By using Sling, it can flatten your JSON file, auto-create your table DDL and then load the data into it from your local drive. This can be a quick and easy way to get your data into a format that is ready for analysis and processing.

Installing Sling CLI

Sling is very easy to install, no matter which operating system you are using. It's written in the go programming language, so it compiles into a single binary file. It also supports many databases. Please see here for the full list of compatible connectors.

# On Mac
brew install slingdata-io/sling/sling

# On Windows Powershell
scoop bucket add org https://github.com/slingdata-io/scoop-sling.git
scoop install sling

# On Linux
curl -LO 'https://github.com/slingdata-io/sling-cli/releases/latest/download/sling_linux_amd64.tar.gz' \
  && tar xf sling_linux_amd64.tar.gz \
  && rm -f sling_linux_amd64.tar.gz \
  && chmod +x sling

Please see here for additional installation options (such as downloading binaries). There is also a Python wrapper library, which is useful if you prefer interacting with Sling inside of Python. Once installed, we should be able to run the sling command.

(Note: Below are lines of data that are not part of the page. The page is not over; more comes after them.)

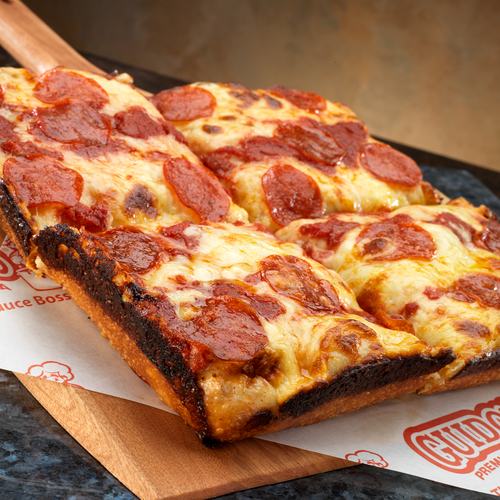 Guidos Premium Pizza Pontiac | restaurant | 3999 Centerpoint Pkwy, Pontiac, MI 48341, USA | 2483330033 OR +1 248-333-0033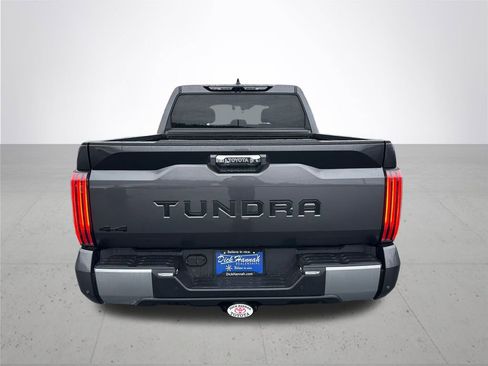 Used 2022 Toyota Tundra Limited w/ TRD Off-Road Package image 8
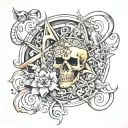 2006 tattoo design idea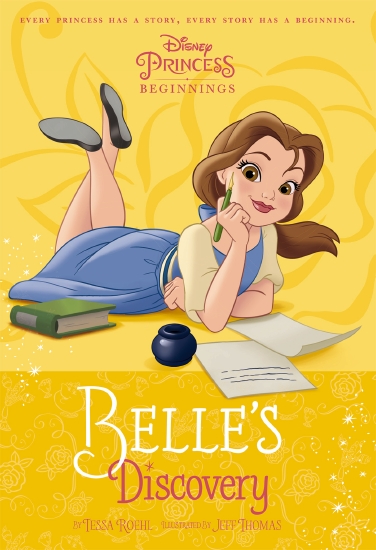 Belle's Discovery (Disney Princess: Beginnings)                                                     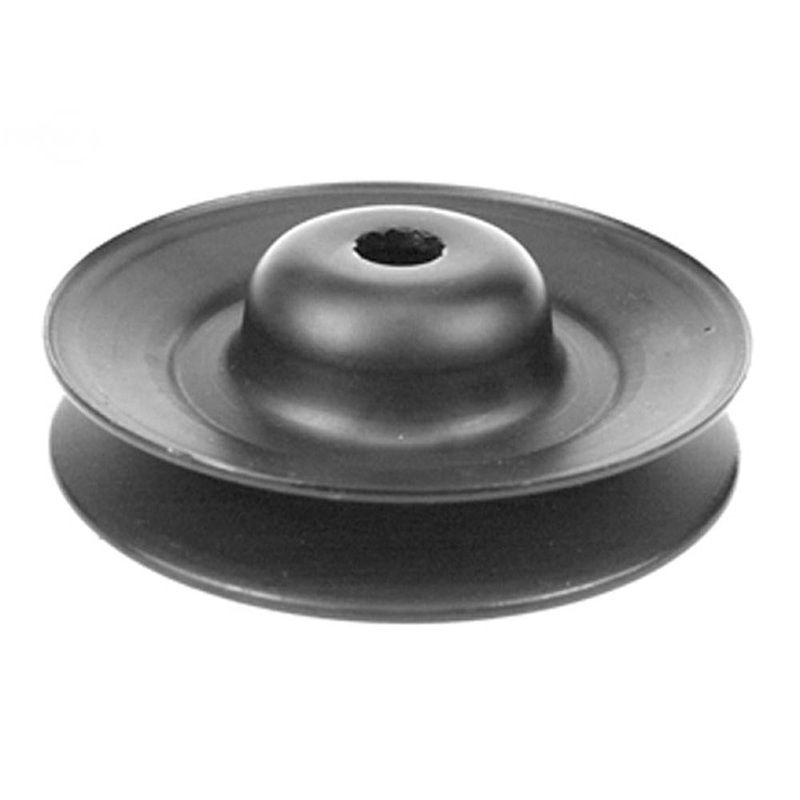 4 7/8" Rotary Spindle / Deck Pulley Sears Fits Craftsman 174375 532174375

Loading from our Local Drive

Let us assume that we desire to ingest the following JSON array file, which includes nested objects:

[
 {
   "_id": "638f4cab1c024be3cadd3ca5",
   "isActive": true,
   "balance": "3,148.57",
   "picture": "http://placehold.it/32x32",
   "age": 35,
   "name": "Joann Kim",
   "company": {
     "name": "PROXSOFT",
     "email": "joannkim@proxsoft.com",
     "phone": "+1 (836) 517-2388",
     "address": "951 Ellery Street, Norwood, Palau, 2947",
     "about": "Labore id et sunt cupidatat dolore aute. Sit laborum nulla pariatur nisi dolore consectetur ex exercitation cupidatat ex ex reprehenderit duis. Eiusmod ut aliquip laborum enim proident ex cupidatat ut velit qui amet dolor tempor enim.\r\n",
     "registered": "2020-01-15T02:07:00 +03:00",
     "latitude": -60.00954,
     "longitude": -55.92312
   },
   "tags": [
     "elit",
     "veniam"
   ]
 },
...
]

In our example, our file will be located at path /tmp/records.json. And if you'd like to ingest various similarly structured files inside a folder (say /path/to/my/folder), you could just input that instead of the file path, Sling will read all files in the folder! Only make sure to add the file:// prefix. See below.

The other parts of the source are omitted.